Children, given the opportunity, are often intensely interested in nature, how it works, who lives there with them, and how all the pieces interrelate. For many, they only need a little support to spend hours watching ants or birds, to follow tracks through the snow or mud, or to monitor the growth of a garden plant. They like to learn the names of plants and insects and birds, noting who eats whom. Given simple tools, they will enjoy tracking the weather or the rainfall, and then they will begin to notice how this impacts their favorite patch of nature.

As parents, we can help foster their curiosity by making time and space for their explorations and observations. When we take the time to walk home slowly or to spend an hour lolling on the grass with them, we give them the chance to observe and ask questions. Be prepared to discuss what catches their attention, even if you cannot answer a question; willingness to ponder it with them validates their interest.

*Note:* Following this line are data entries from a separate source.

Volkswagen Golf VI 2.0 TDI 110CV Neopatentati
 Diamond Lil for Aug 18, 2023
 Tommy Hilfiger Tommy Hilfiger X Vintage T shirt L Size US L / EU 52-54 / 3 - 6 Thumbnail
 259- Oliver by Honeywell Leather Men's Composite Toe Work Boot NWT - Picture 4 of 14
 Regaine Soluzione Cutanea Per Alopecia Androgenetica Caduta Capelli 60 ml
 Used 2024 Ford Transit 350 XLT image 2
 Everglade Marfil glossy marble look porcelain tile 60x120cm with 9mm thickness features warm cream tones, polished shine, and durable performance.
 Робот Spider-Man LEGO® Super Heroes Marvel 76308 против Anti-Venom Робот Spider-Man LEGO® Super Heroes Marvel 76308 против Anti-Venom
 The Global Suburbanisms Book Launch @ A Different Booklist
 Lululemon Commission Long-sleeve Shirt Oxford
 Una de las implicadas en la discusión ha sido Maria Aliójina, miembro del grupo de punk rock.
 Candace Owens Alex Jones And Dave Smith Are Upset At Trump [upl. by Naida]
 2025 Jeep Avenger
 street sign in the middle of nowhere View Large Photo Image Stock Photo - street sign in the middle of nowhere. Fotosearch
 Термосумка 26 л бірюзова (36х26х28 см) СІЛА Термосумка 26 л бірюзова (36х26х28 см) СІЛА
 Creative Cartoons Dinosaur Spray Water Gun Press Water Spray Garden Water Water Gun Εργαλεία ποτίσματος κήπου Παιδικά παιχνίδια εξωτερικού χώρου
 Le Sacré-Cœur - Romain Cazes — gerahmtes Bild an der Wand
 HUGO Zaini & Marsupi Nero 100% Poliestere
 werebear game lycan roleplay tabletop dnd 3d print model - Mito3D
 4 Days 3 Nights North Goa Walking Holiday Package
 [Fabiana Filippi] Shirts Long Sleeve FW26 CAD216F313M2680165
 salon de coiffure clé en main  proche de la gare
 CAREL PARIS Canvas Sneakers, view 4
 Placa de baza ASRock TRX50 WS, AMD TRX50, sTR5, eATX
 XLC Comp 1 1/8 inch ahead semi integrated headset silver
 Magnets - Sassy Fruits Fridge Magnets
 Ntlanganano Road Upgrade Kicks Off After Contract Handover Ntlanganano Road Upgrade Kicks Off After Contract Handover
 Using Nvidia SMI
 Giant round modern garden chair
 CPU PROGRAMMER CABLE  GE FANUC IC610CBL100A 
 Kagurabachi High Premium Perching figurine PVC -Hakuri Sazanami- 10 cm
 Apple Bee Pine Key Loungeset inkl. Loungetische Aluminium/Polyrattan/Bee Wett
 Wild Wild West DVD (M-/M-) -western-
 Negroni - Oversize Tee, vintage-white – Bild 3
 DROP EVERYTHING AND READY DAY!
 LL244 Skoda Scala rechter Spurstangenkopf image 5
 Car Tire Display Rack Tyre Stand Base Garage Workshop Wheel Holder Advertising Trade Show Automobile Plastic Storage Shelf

We can also arm them with a little notebook and pencil as soon as they’re ready. We can sit with them and make drawings of what we see or write notes. When they have an observation, we can write it down for them, creating a journal and modeling a way to remember and celebrate the diversity in nature. They can take over their own journal as they are willing and able.

As they get closer to school age, a magnifying glass and leaf press can be good additions to their toolkits. You will have to be a monitor their and add on only as their interest grows. Sometimes, tools can feel more like an assignment than a gift, and the goal is to foster their curiosity rather than to do a forced march through nature.

Finally, allow yourself to be open and engaged with nature. Our love of the natural world and the time we spend in it is perhaps the best way to give this gift to the next generation.